The first thing noticeable on walking into Don Turcotte's office at the University of California, Davis, is a long table strewn with papers and manuscripts in process, covered with edits and pasted corrections, plus a few textbooks. Two textbooks are by Turcotte: Geodynamics, with Gerald Schubert, and a volume Turcotte wrote on fractals and geophysics, the first defining textbook in the field. Floor-to-ceiling metal shelves hem in the work surface, filled with journals, some collected since the beginning of his almost half-century career, and the window on the far wall frames a winter view of a dry California valley, with a few pine trees stretching toward blue sky.

Don Turcotte, shown here in his office at the University of California at Davis, was awarded the American Geophysical Union’s Bowie Medal last December. Photo by Naomi Lubick.
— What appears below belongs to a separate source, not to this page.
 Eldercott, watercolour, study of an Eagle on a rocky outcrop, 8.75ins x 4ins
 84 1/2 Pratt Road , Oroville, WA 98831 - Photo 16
Turcotte says he jettisoned a good third of his journals when he moved out from Ithaca, N.Y., just over a year ago. As a professor at Cornell University's geology department, Turcotte published his seminal work in geophysics, describing subduction and mantle convection. Now a recipient of the Bowie Medal, the American Geophysical Union's (AGU) top honor, Turcotte reflects on his path from aerospace engineering to geophysics.
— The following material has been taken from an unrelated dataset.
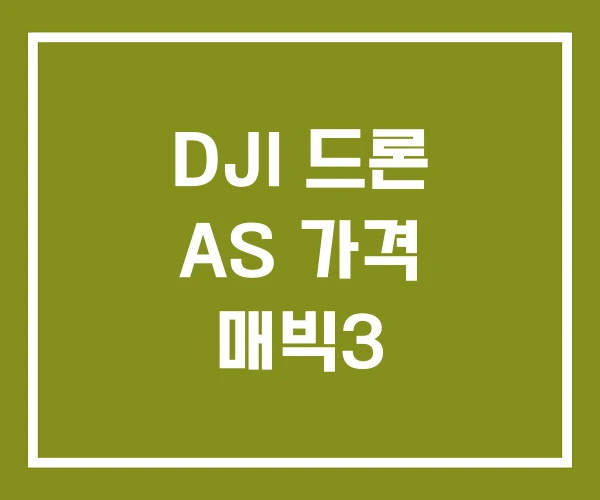 DJI 드론 AS 가격 매빅3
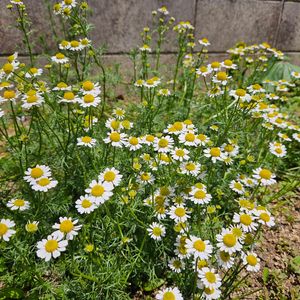 春の花,ジャーマンカモミール,ハーブ,ハーブを楽しむ,ハーブのある暮らしの画像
While the then-engineer was on sabbatical at Oxford University in 1965, someone suggested he meet Ron Oxburgh, "this crazy geologist who thinks that the mantle might be convecting," he says. They met over dinner with sherry at the university's St. Edmunds Hall and talked about concepts that would set off the impending tectonic revolution. "I said, oh sure, it doesn't sound too complicated," Turcotte said. Working with Oxburgh (who is now a lord in the British Parliament), he shifted gears to geophysics. What Turcotte wrote that year was not published until 1967, and it turned out to be a landmark paper describing the physics of mantle convection, mountain building and rift zones.
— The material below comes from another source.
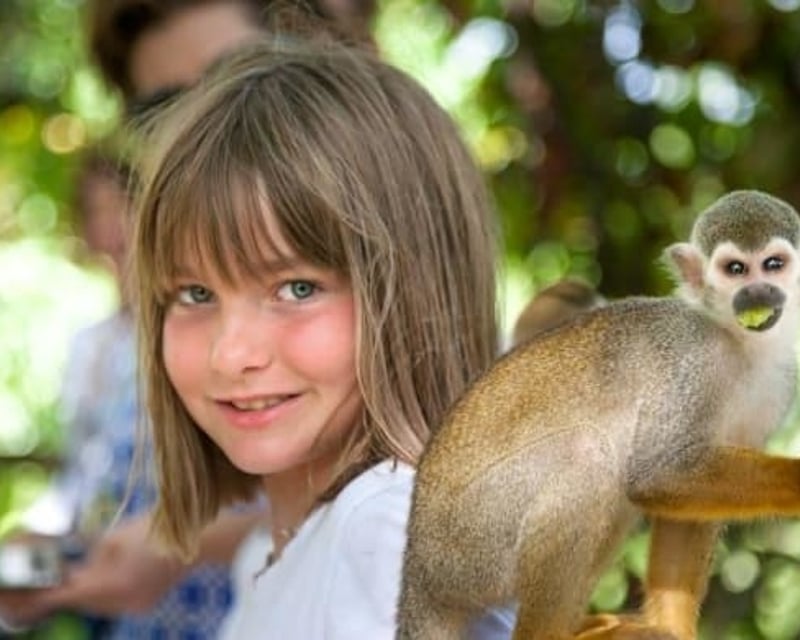 Monkeyland & Coffee Plantation Tour from Punta Cana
In 1973, Turcotte moved from the Cornell engineering department to the geology department as it moved into the tectonic age. He became chair in the 1980s, while he "explored virtually every aspect of physical Earth geology," wrote former colleague Laurence M. Cathles, in a citation for the Bowie Medal, awarded at the AGU annual banquet last December. In addition to Turcotte's publications in planetary remote sensing and geophysics, Cathles counted over 150 papers on thermal subsidence in sedimentary basins and other fields.

Several years after writing Geodynamics, Turcotte switched gears once more, to fractals and chaos theory. His second landmark paper, on the power law of impacts, cratering and "interplanetary stuff," as he puts it, in the Journal of Geophysical Research in 1986, took several years to publish.

Turcotte says it's much harder to get his kind of nontraditional research published. Nevertheless, he now has a slew of citations in a variety of fields. "It's fine to dabble," Turcotte says, who sometimes never publishes a second paper in a field. "It's boring to stay in something."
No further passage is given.